**EXERCISE PROMPT:**
Leave the pictures out and print, word for word, the lines below from the one with "질스튜어트 POLA FLEECE 크루넥_JNTS9D801BK" through the final line.
--- RECORDS FOR THIS EXERCISE Enclosed Below ---
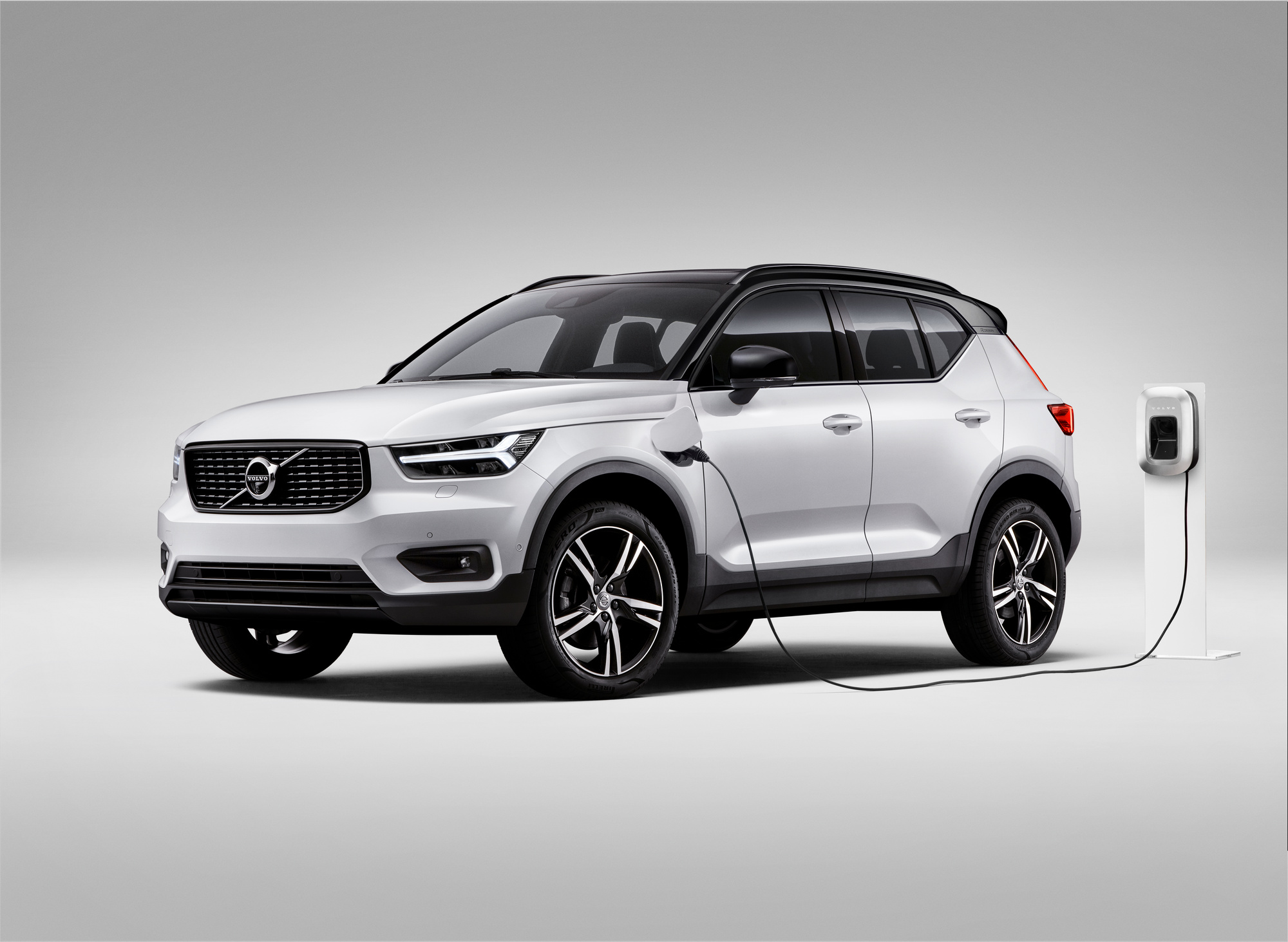 XC40 PHEV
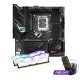 ASUS ROG STRIX Z690-G GAMING WIFI Motherboard and TEAM DELTA 32GB (16GBx2) 6400MHz DDR5 RGB Gaming RAM Bundle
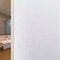 Lámina para Cristales 140 x 500 cm Electrostaticos Anti-UV Pelicula Privacidad Electrostática Lámina Decorativa para Cristales para Privacidad del Bano, Blanco Mate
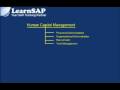 SAP HR Overview ( Part 1 )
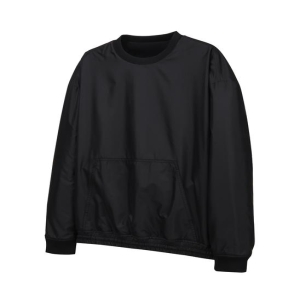  질스튜어트 POLA FLEECE 크루넥_JNTS9D801BK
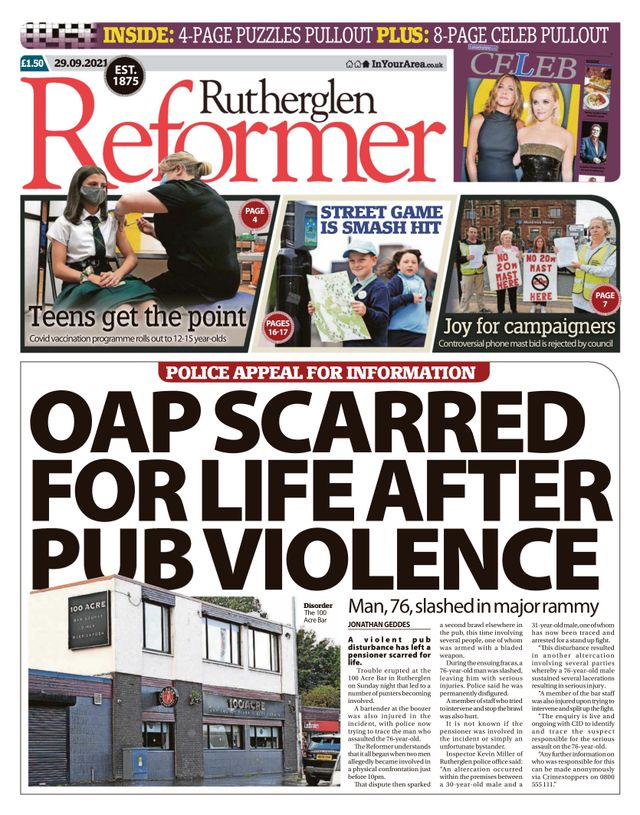 Rutherglen Reformer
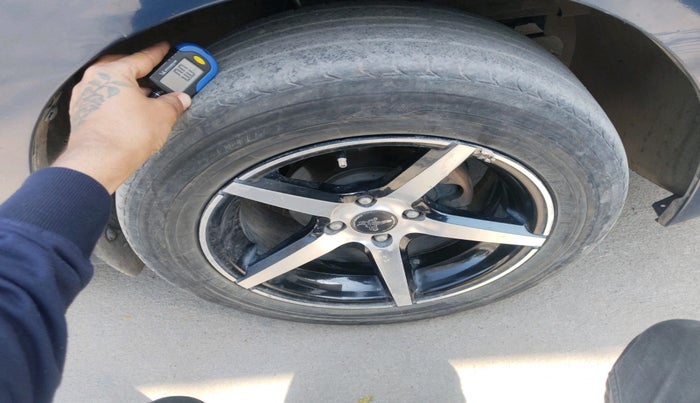 2020 Maruti Baleno SIGMA PETROL 1.2, Petrol, Manual, 1,33,871 km, tyre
--- End of Enclosed RECORDS FOR THIS EXERCISE ---
**EXERCISE RESULT:**
  질스튜어트 POLA FLEECE 크루넥_JNTS9D801BK
 Rutherglen Reformer
 2020 Maruti Baleno SIGMA PETROL 1.2, Petrol, Manual, 1,33,871 km, tyre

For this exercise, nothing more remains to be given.